GIVEN INFORMATION:
——————
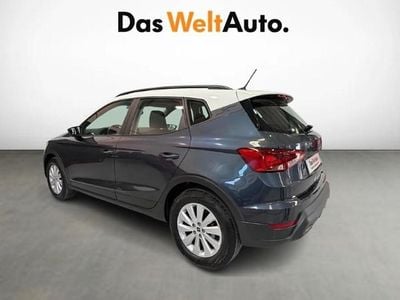 Gris Usado 2024 Seat Arona Style SUV | 20.990 € (Precio justo)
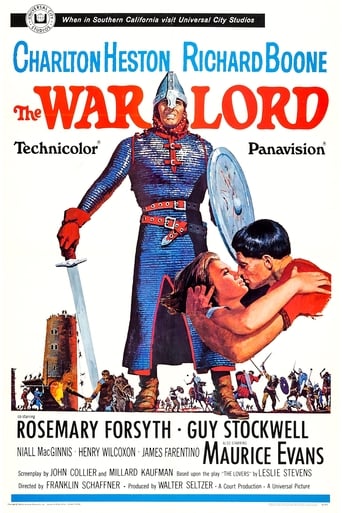 دانلود فیلم The War Lord 1965 دوبله فارسی بدون سانسور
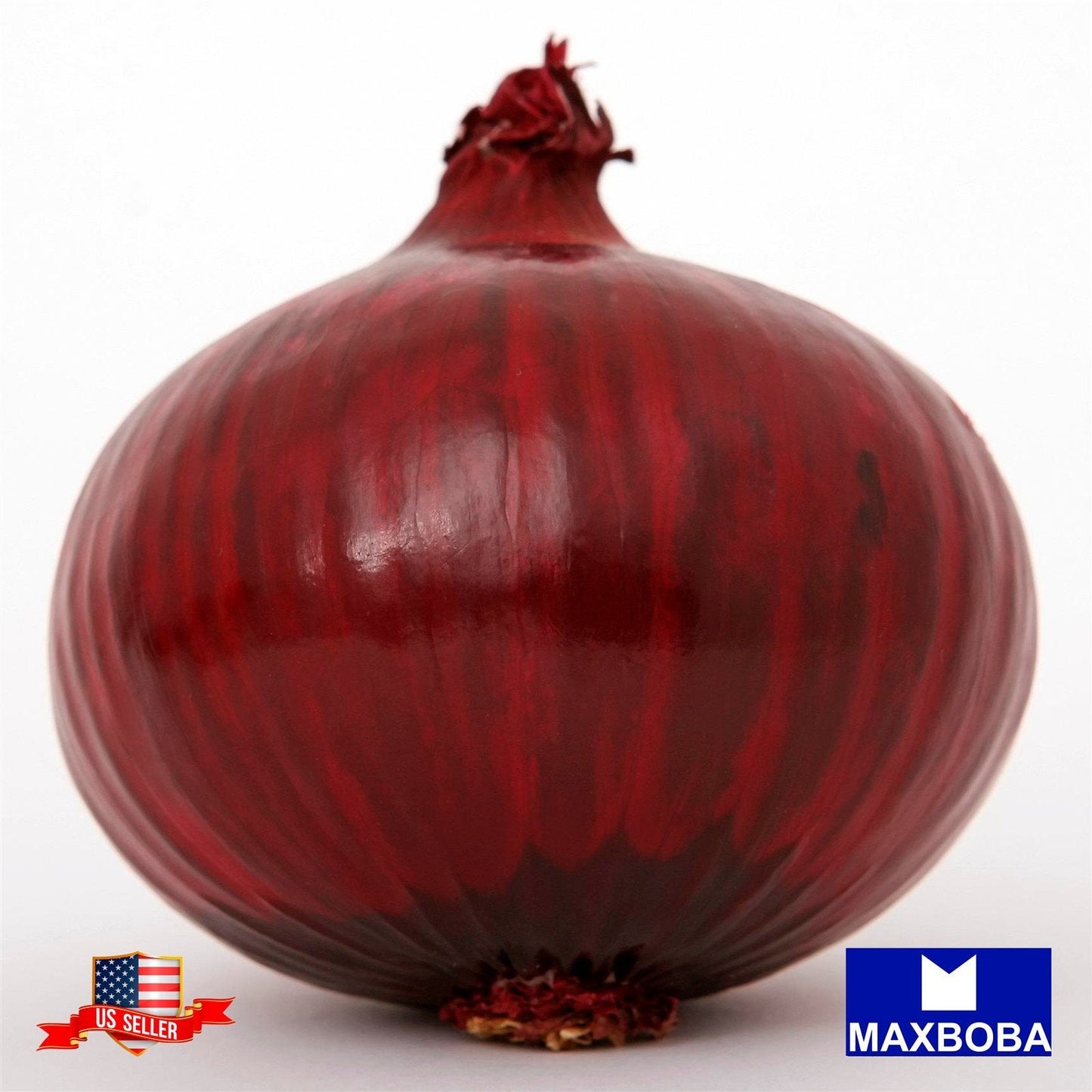 Onion Seeds - Red Creole Non-GMO Heirloom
——————
REQUIRED ACTION: Your task is to retype exactly, and only, the lines from the one that holds "دانلود فیلم The" through the end of the listing, both end lines included, without any pictures.

RESPONSE TO THIS TASK:
 دانلود فیلم The War Lord 1965 دوبله فارسی بدون سانسور
 Onion Seeds - Red Creole Non-GMO Heirloom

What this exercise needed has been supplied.